Decentralized Machine Learning and Efficient Anomaly Detection
The area of distributed computing systems provides a promising domain for applications of machine learning methods. In this project, we design a system and propose a novel approximation scheme for continuously online anomaly detection that dramatically reduces the burden on the production network.
Our system leverages intelligent data filtering at distributed monitors and Principal Component Analysis (PCA) for detection at Network Operation Center (NOC). Our approximate scheme involves a set of local monitors that maintain parameterized sliding filters. These sliding filters yield quantized data streams that are sent to the NOC. The NOC makes global decisions based on these quantized data streams.

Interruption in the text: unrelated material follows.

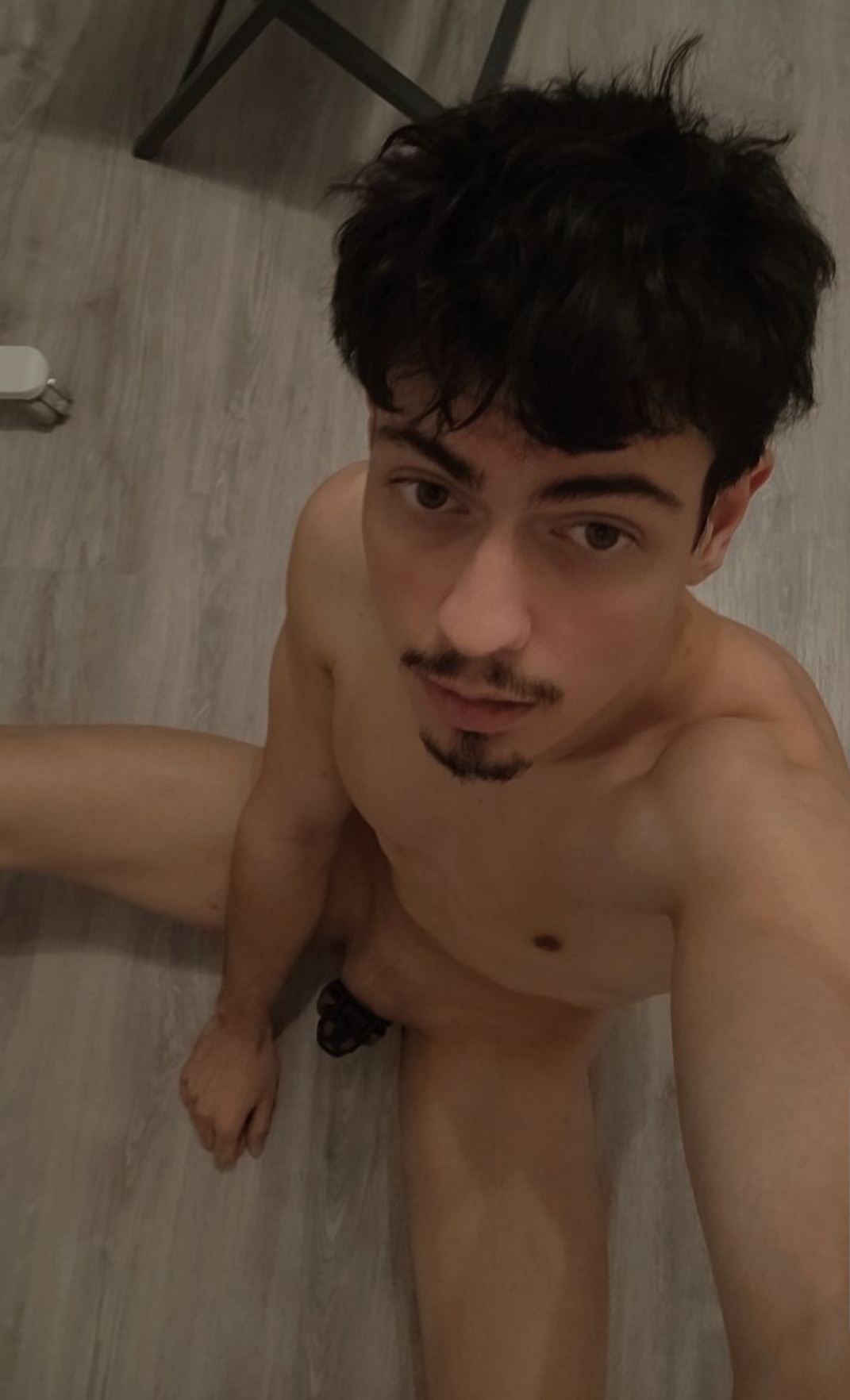 I'm selling this Slut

We derive analytical results based on stochastic matrix perturbation theory to effectively balance the tradeoff between detection accuracy and the amount of data communicated over the network. By avoiding the expensive step of centralizing all traffic data, our solution enables tracking PCA-based anomalies in real time with minimal data communications. This overcomes the key scalability limitations of the state-of-the-art network-wide anomaly detection solution. Experiments with traffic data from an ISP-backbone network demonstrate that our methods yield significant communication benefits while simultaneously achieving high detection accuracy.
Publications
- Communication-Efficient Online Detection of Network-Wide Anomalies. Ling Huang, XuanLong Nguyen, Minos Garofalakis, Joseph Hellerstein, Anthony D. Joseph, Michael Jordan and Nina Taft. To appear in 26th Annual IEEE Conference on Computer Communications (INFOCOM'07). Anchorage, Alaska, May 2007.
- In-Network PCA and Anomaly Detection, [longer version]. Ling Huang, XuanLong Nguyen, Minos Garofalakis, Anthony Joseph, Michael Jordan and Nina Taft. In Advances in Neural Information Processing Systems (NIPS) 19. Vancouver, B.C, December 2006.